Wesley Snipes plays the drug lord within the film New Jack City.  Source: Wikimedia

Wednesday, February 11, 2015

Storytelling Week 5: The Valakhilyas' Plea

They come during the night in great hordes devouring any creature in their path.  They have destroyed us in so many ways.  We cannot go out anymore.  We are truly prisoners within our own forest, our own home.  The Rakshasas have taken everything away from us by destroying our safety. 

            They are horrible beasts who come in all forms.  Some stand taller than the trees of the forest with hands and feet that destroy any life.  Others crawl and slide on their stomachs, slurping up any creature on the ground with long tongues that have viscous spikes attached to them.  Some can even fly, picking up small animals by their necks and quickly crushing them.  But the most dangerous Rakshasas are the fast ones.  They can sprint on all fours or just two legs.  They have hands with a large claw used for gripping, tearing, and killing.  There are also Rakshasas with large red eyes, tiny black eyes, and some who have no eyes, only black pits that give no hint of a soul.  However, all of the monstrous Rakshasas that inhabit our forest have an unquenchable blood lust.  They stop at nothing.  They have no boundaries.  They only care about feeding on weaker creatures like us and they are never satisfied. 

            The things they do to creatures...terrible things that cannot be imagined by a sane mind.  We have witnessed our own being skinned alive without hesitation from the Rakshasas.  At first, they were fast deaths followed by fast consumption, only leaving piles of bones.  But they became hungry for suffering.  They tortured our people, played with them before feasting.  Now, they skin their victims alive slowly, tearing inches of skin off one piece at a time.  The screams are something that no one has ever heard before.  We are not sure if they are the screams of the poor creature who is dying or the Rakshasa.   They are agonizing and painful to hear.  None of us can forget those horrific sounds and some of us hear these screams in our sleep.  We cannot imagine how the Valakhilya who is dying must feel, and we never want to. 

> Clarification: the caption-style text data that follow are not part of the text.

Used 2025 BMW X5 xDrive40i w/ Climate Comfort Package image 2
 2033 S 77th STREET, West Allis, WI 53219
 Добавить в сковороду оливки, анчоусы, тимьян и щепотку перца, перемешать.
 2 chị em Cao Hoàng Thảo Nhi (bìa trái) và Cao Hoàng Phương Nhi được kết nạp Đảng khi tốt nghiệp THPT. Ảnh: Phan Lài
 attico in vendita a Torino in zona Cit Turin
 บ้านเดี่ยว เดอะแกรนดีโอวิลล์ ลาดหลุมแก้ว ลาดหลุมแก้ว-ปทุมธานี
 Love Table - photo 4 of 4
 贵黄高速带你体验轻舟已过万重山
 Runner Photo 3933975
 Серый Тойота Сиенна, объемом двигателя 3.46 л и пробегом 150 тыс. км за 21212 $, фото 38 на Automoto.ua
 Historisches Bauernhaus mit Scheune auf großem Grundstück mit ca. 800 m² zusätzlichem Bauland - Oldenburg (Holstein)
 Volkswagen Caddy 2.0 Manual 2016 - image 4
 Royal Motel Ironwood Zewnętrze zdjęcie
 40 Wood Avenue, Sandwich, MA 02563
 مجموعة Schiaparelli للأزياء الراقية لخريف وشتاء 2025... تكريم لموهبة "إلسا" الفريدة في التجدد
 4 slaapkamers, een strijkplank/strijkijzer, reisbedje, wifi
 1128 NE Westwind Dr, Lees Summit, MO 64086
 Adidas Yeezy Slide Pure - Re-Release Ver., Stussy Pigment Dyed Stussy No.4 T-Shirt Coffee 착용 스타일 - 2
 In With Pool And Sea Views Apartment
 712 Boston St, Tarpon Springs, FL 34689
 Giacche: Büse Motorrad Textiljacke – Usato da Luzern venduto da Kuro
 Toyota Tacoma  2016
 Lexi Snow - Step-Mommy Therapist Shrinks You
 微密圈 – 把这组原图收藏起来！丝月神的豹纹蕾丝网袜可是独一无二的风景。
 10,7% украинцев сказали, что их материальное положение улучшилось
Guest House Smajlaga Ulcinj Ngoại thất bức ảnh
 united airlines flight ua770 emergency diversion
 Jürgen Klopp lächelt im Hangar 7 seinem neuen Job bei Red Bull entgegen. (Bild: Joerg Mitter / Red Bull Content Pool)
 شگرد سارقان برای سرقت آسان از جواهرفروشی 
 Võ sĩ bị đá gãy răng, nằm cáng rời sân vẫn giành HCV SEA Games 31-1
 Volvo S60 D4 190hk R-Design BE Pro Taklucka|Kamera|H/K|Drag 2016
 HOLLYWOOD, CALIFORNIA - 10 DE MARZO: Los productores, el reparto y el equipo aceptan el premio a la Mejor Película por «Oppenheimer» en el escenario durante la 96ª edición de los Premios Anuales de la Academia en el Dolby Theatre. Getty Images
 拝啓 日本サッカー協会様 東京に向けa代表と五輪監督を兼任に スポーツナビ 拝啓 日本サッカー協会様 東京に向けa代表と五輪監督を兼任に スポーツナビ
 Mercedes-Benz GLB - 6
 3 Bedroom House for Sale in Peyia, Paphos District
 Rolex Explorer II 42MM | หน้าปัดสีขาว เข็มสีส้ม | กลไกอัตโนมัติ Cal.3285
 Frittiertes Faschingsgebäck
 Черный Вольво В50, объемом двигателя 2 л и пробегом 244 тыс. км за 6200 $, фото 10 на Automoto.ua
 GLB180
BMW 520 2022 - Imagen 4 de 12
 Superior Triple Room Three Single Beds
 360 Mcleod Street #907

            During the day, when we scavenge for food, we find bones, so many bones.  They are stripped of flesh.  Some are even hollow as if the Rakshasas have sipped the marrow from every bone.  You cannot imagine how many piles of bones we find.  We find small bones from our own kind and larger bones from humans, birds, deer, bears, and tigers.  Some piles have smaller Rakshasas within them.  How can such ruthless creatures who lust for death and blood even from one of their own exist.  If they can kill their own, they will surely destroy every trace of us, the small and innocent Valakhilya. 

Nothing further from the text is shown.